The move may reflect an acknowledgment by GOP leadership that the political landscape on Obamacare, following April's news that over 7 million American have received insurance through the law, is slowly but surely changing.

The change is a small one, not remarkable for any measure of political courage it forced the House GOP to show. It's not even clear how many members were aware what they voted for, as the bill was passed on an unorthodox, debate-free voice vote. It eliminates caps on high-cost deductibles for small group plans, which had been set at $2000 for individuals, and $4000 for families.
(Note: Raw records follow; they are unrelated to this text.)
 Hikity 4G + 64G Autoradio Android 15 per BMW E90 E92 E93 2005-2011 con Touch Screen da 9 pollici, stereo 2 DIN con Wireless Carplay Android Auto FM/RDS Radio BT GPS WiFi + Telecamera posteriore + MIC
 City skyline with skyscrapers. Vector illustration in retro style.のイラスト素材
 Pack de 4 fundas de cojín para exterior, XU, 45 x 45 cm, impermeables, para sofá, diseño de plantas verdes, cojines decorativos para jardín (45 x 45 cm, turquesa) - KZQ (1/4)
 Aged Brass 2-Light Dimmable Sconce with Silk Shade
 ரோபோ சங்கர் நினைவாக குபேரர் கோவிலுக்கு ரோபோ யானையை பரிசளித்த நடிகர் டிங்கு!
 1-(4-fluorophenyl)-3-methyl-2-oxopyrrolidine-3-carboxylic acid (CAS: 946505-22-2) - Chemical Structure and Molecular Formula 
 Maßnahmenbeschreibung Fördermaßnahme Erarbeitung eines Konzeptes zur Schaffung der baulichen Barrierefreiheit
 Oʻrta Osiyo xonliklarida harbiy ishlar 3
The Republican rationale: This would allow employees also using health savings accounts — a longtime conservative hobby-horse in healthcare policy — to seek out higher-deductible, lower-cost plans.

The lay of the land these days for Republicans opposed to Obamacare and supporting full repeal is, in simplest terms, a bad one. It's been a certainty, since both the 2012 Presidential defeat of former Massachusetts Governor Mitt Romney, and the law's victory before the Supreme Court, that no such repeal is conceivable until at least 2017, assuming the election of a Republican president.
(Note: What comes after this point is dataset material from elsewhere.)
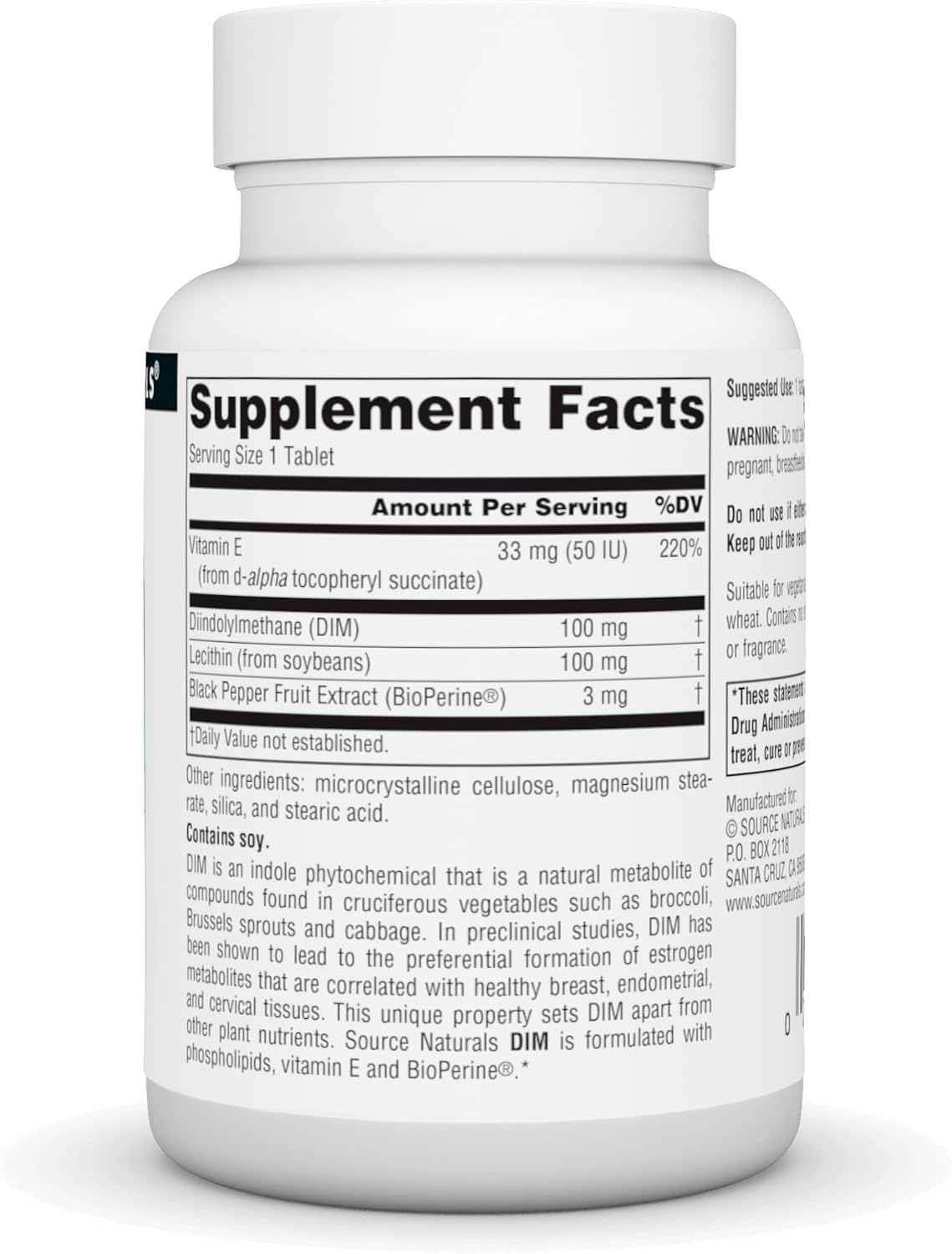 Source Naturals DIM, Diindolylmethane, 100 mg - 30 Tablets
As such, it's possible that a Republican Party passing fixes and adjustments to the very law they're by and large sworn to destroy could become a more common sight in the near future, since in practical political terms that's the only way to actually have any impact. That's the price of two lost presidential elections, a yearlong lost legislative battle, and a lost Supreme Court challenge, it seems — at long last, there's a pressure on Republicans to at least engage with the law, however minimally.
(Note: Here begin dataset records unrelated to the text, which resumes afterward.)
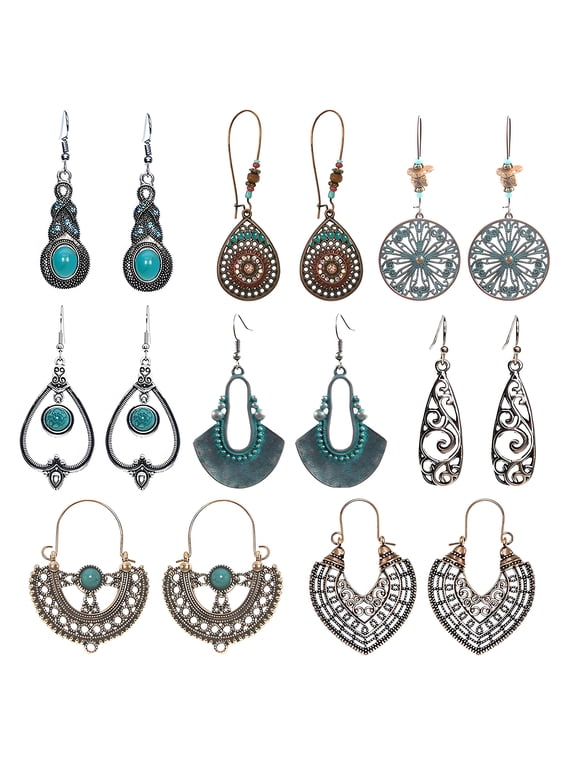 8 Pcs Earrings for Women, European and American Design Dangle Earrings, Vintage and Modern Style Women's Earrings, Vintage Inspiration High-Quality AlloyWomen's Earrings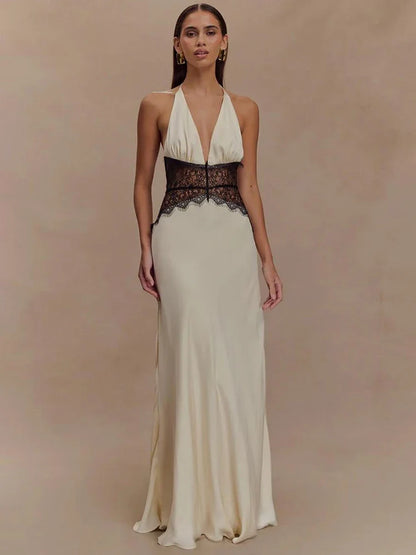 Mozision Backless Maxi Dress Lace Deep V Neck Sleeveless High Waist - WHITE - dress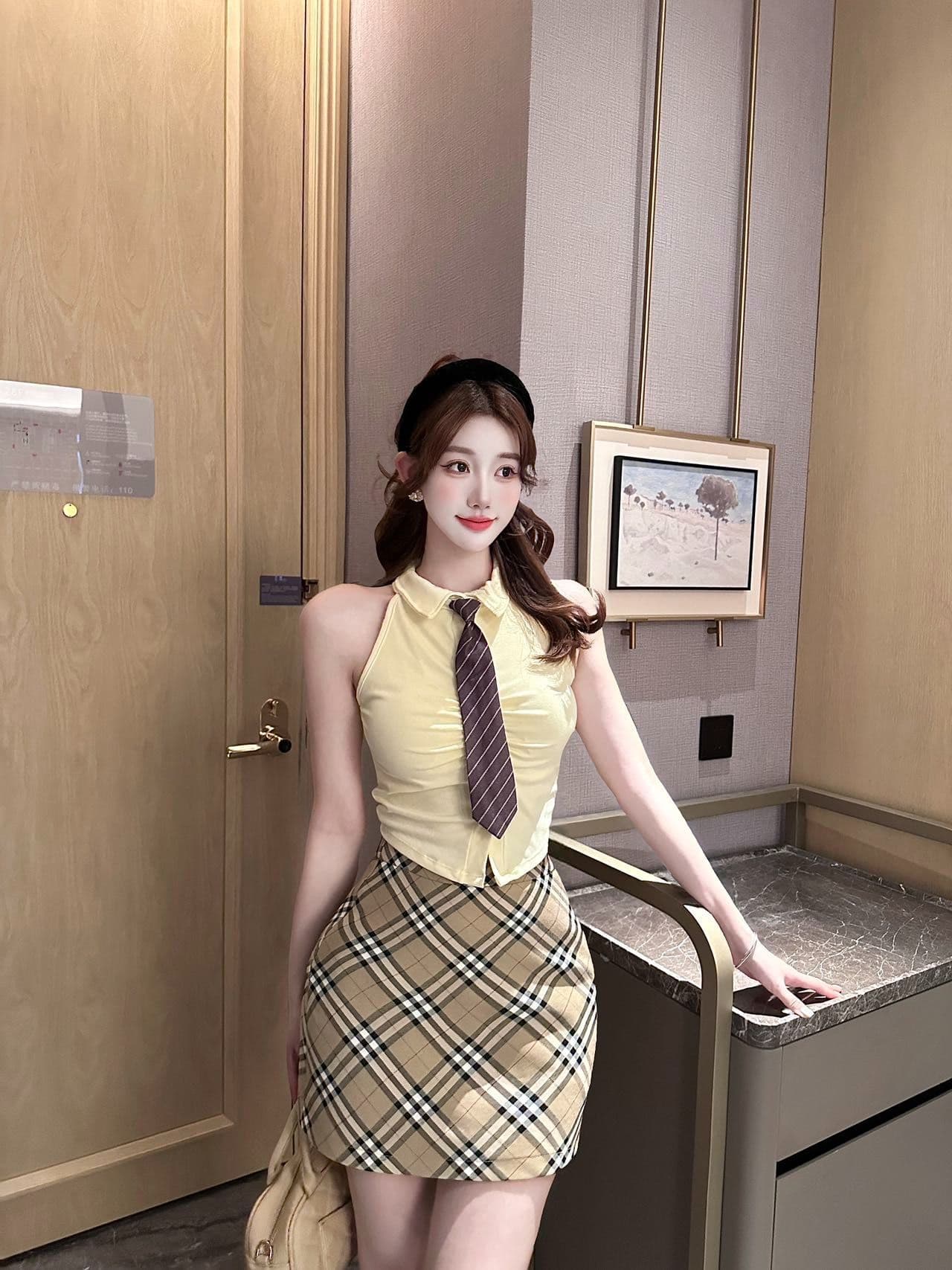 polo 체크무늬 넥타이 조끼 벨트 가슴 패드 학원 스타일 연령 감소 페이크 레이어드 민소매 티셔츠 여성 상세 이미지 14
The procedural subterfuge used to slide the changes through, however, serves a dual purpose — both keeping things smooth with vehemently anti-Obamacare representatives, and keeping the national party poised to run hard against Obamacare in the midterm elections. This has been the apparent strategy for months now, and despite a positive week of news for the law, the GOP still seems to regard it as their best hope for a successful midterm surge.

As you'd expect, the battle to spin this news is well underway. Said a spokesman for House Minority Leader Eric Cantor:

This is another in a series of changes to Obamacare that the House has supported to help save Americans from being harmed by the law, and we're glad to see the President signed it into law.

In other words, we only did it for you! In light of the GOP's longtime, intractable opposition to changing the law — the House has voted a staggering 52 times to repeal Obamacare, as recently as last week — this has the familiar ring of someone wanting it both ways. Whether it works has only one measure, though, and it's coming to a polling place this November.